What is required:
From the line containing "Pathophysiology of Bladder" down to the last line of the entries, print each line exactly and leave the pictures out.

Captioned web images
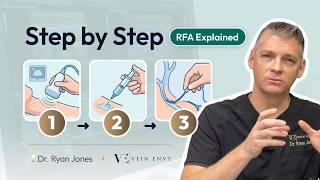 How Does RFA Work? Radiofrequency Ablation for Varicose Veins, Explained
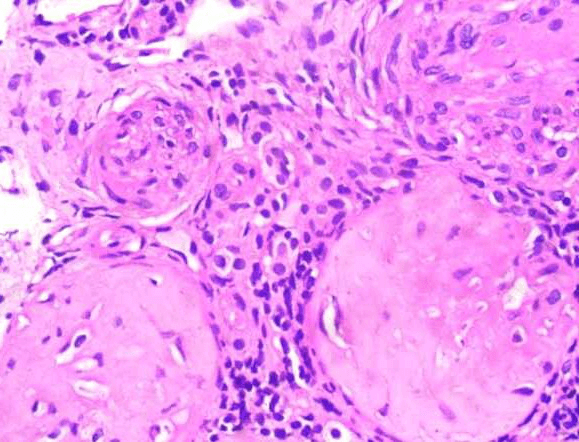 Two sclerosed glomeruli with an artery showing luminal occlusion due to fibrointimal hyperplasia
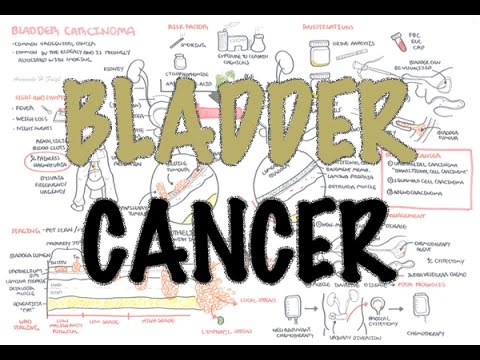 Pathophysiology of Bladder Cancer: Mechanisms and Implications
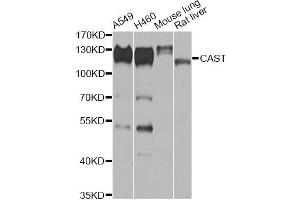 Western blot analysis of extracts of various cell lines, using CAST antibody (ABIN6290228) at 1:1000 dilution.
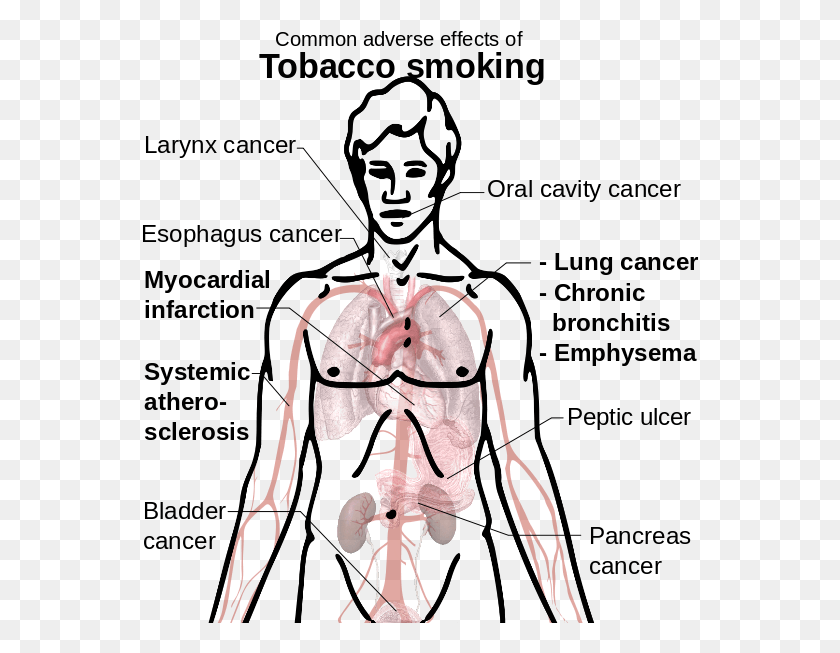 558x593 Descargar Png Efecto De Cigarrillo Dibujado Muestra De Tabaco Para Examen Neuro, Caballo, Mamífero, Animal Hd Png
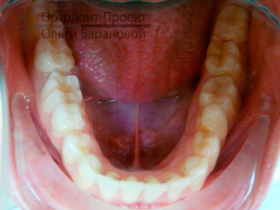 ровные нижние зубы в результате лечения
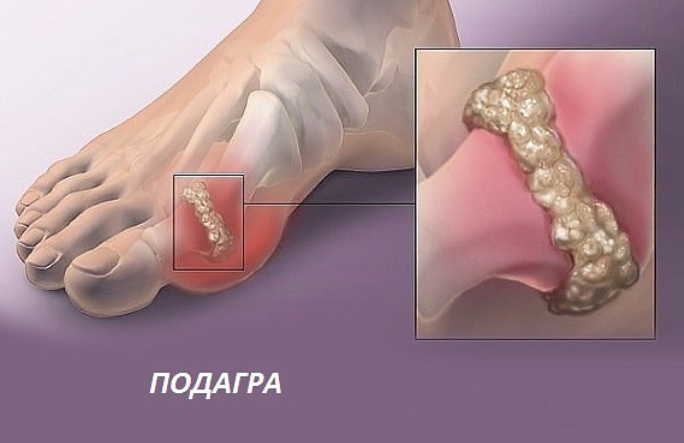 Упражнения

Response box:
 Pathophysiology of Bladder Cancer: Mechanisms and Implications
 Western blot analysis of extracts of various cell lines, using CAST antibody (ABIN6290228) at 1:1000 dilution.
 558x593 Descargar Png Efecto De Cigarrillo Dibujado Muestra De Tabaco Para Examen Neuro, Caballo, Mamífero, Animal Hd Png
 ровные нижние зубы в результате лечения
 Упражнения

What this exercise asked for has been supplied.